Tag Archives | Brookgreen Gardens

Musings on art and artists


Water Lilies, by Bessie Potter Vonnoh, c. 1913

There has been a very interesting discussion on the member forum for the Realistic Equine Sculpture Society about how the equine collectibles community and the artist who work in it are perceived by equine artists working in the fine art world. Some of the comments reminded me of something I saw during my last visit to Brookgreen.

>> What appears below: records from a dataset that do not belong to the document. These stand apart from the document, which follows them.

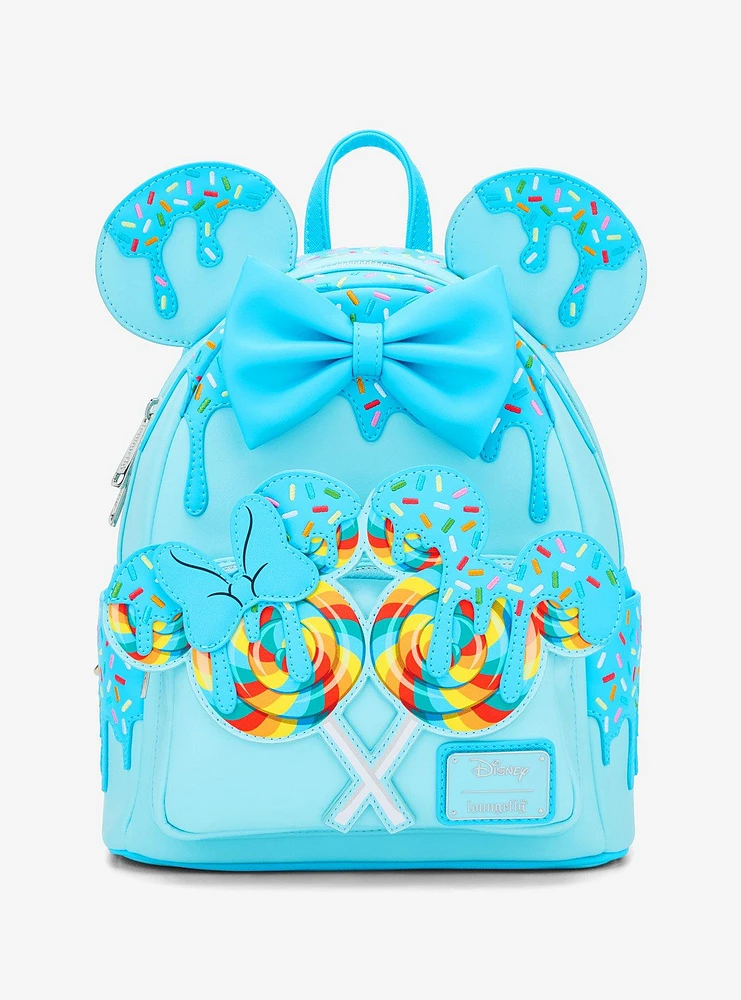 Loungefly Disney Minnie Mouse Lollipop Blue Sprinkle Ears Mini Backpack - BoxLunch Exclusive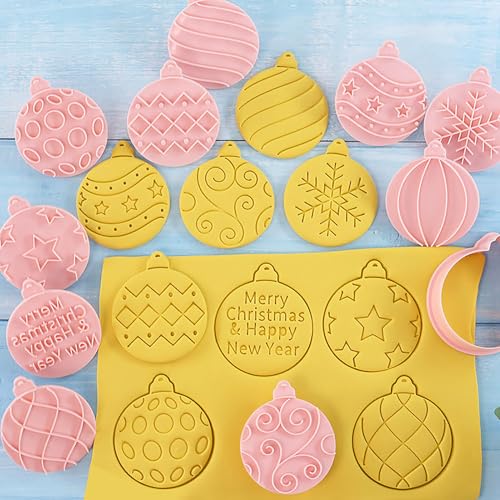 Christmas Ball Cookie Cutters 10Pcs Xmas Ornament Biscuit Molds for Baking - color: Xmas K-10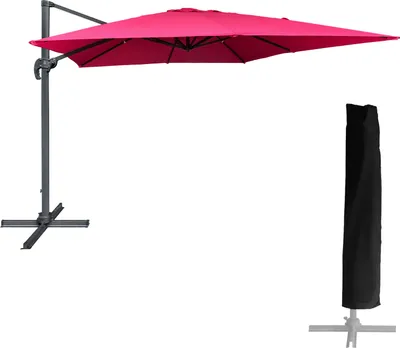 Produktbild von Freistehender Sonnenschirm MOLOKAI quadratisch 3x3m fuchsia + Hülle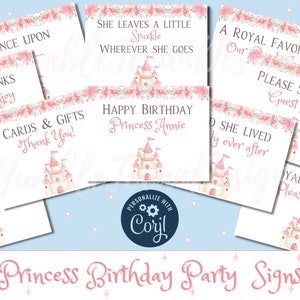 Princess Birthday Party Decorations, Princess Party Printables, Princess Party Signs, Once Upon A Time First, Princess Party Table Decor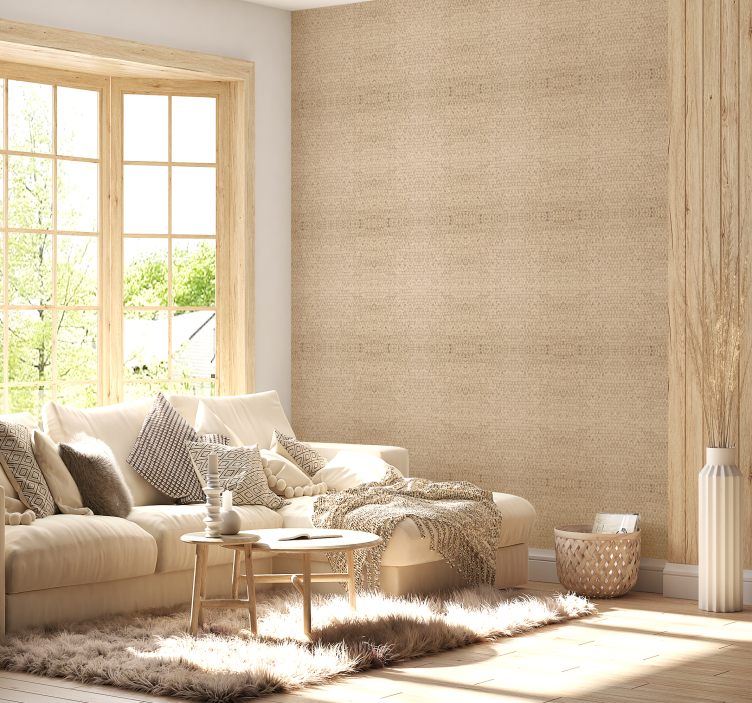 Beige Fabric Living Room Wallpaper Decor - TenStickers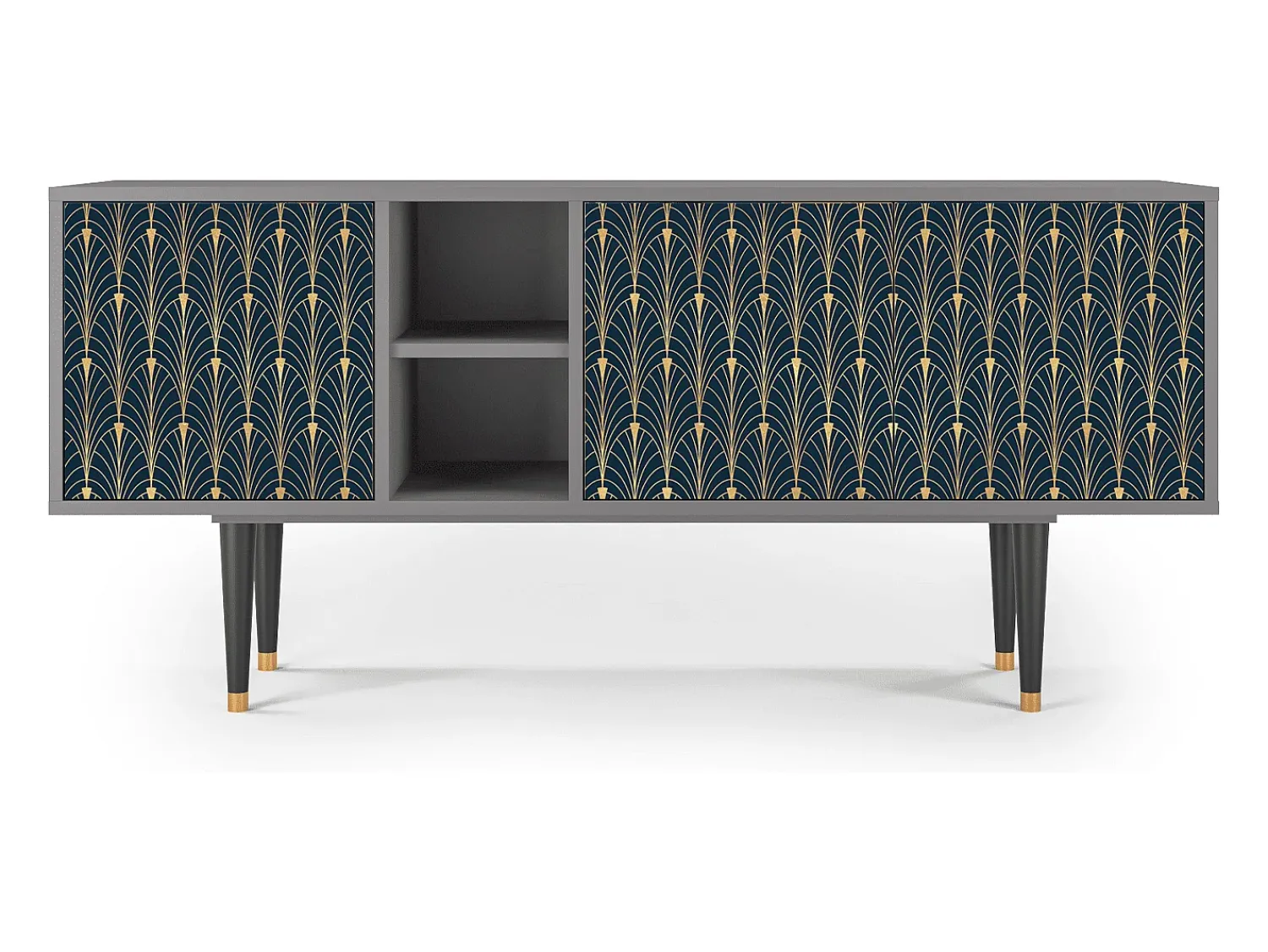 Mueble de TV - 150х69х41 cm - T5 - Flower of the Nile, Cinza^ Móvel De Tv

One of the galleries there had an exhibit entitled “Fifteen Women: One Hundred Years of Sculpture”. One of the things that has always struck me about Brookgreen is just how many pieces in their collection were sculpted by women. It was also clear that many of the pieces were designed not for galleries, but for gardens. I have often wondered if the work these women did, often portraying children and animals, got the same kind of scorn from the “proper” art world. That proper art world was already turning away from realistic work; indeed, Brookgreen was established in part in reaction to that. Did the marginalized realistic sculptors of that era in turn marginalize these women for making expensive “lawn ornaments” just as some look upon artists in my field as making “toy horses”?

The museum card next to the sculpture pictured above had an intriguing comment:

“At a time when most sculptors produced monuments, Bessie Potter Vonnoh made significant contributions to small bronze sculpture and garden statuary designed for the embellishment of the home. … Concentrating on sculpture for domestic settings that combined naturalism and elegance, Vonnoh entered a male dominated field creating a pathway to professional success and making high-quality sculpture accessible to a wider audience.”

I have never had a lot of concern about whether what I did was considered “art” or “Art” – or even craft. Having been raised by a commercial artist, I was indoctrinated in only one important distinction among artists: starving or not-starving. The idea of a viable market was always front and center among my considerations. But I think the quote above talks about what has kept me involved in collectibles. For any number of reasons, the average person finds Art intimidating and incredibly distant from their day-to-day life. I like the idea that we are making “high-quality sculpture accessible to a wider audience”.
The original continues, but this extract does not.